Instructions for the task:
All that should be output is the block of lines below from the line with "Embroidered Women Tank Top" to the line with "中綿入りナイロントートバッグ大容量鞄軽量 | SUNSHINE", both included, exactly as written.

(Exercise data begins)

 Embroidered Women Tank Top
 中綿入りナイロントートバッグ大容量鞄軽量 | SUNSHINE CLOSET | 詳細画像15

(Exercise data ends)
(Exercise data begins)

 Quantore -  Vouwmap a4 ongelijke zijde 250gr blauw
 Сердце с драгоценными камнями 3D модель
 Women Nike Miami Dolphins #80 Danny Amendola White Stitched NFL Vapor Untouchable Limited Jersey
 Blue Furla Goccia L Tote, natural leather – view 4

(Exercise data ends)
(Exercise data begins)

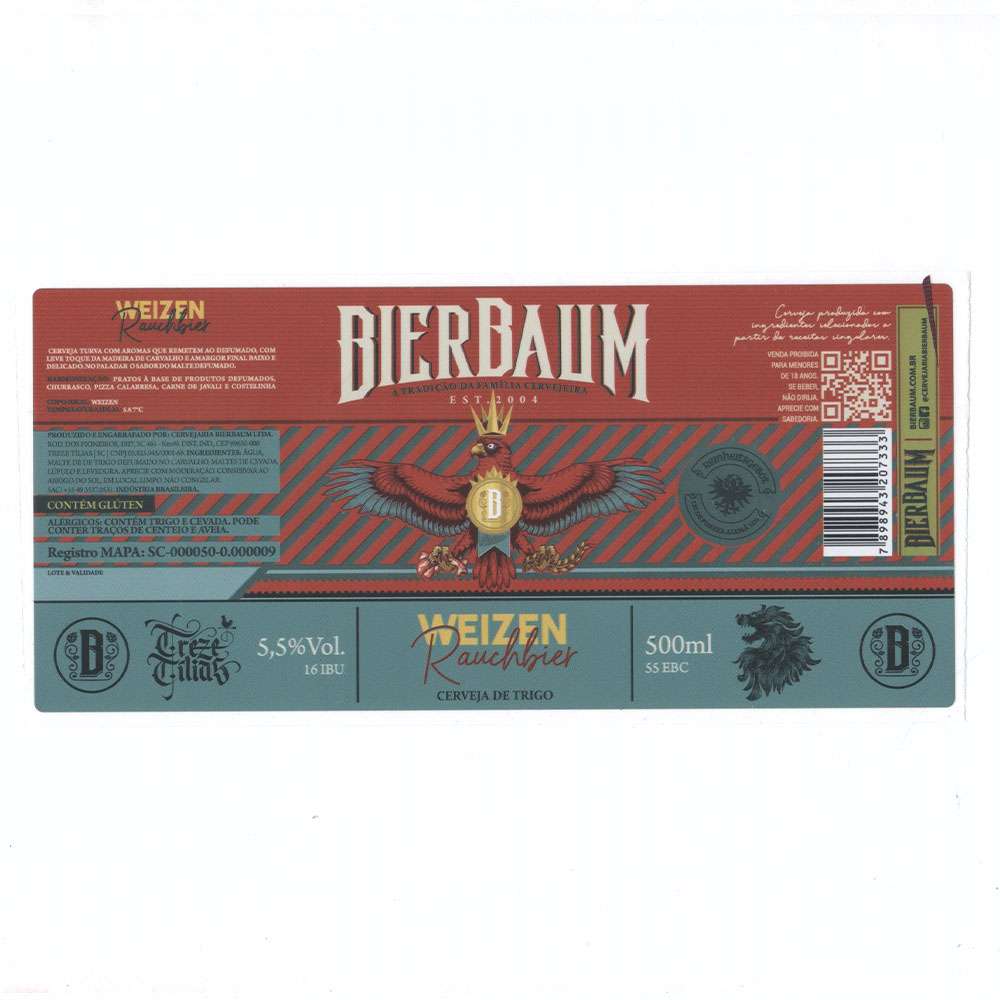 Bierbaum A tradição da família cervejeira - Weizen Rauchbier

(Exercise data ends)

Result of this exercise:
 Embroidered Women Tank Top
 中綿入りナイロントートバッグ大容量鞄軽量 | SUNSHINE CLOSET | 詳細画像15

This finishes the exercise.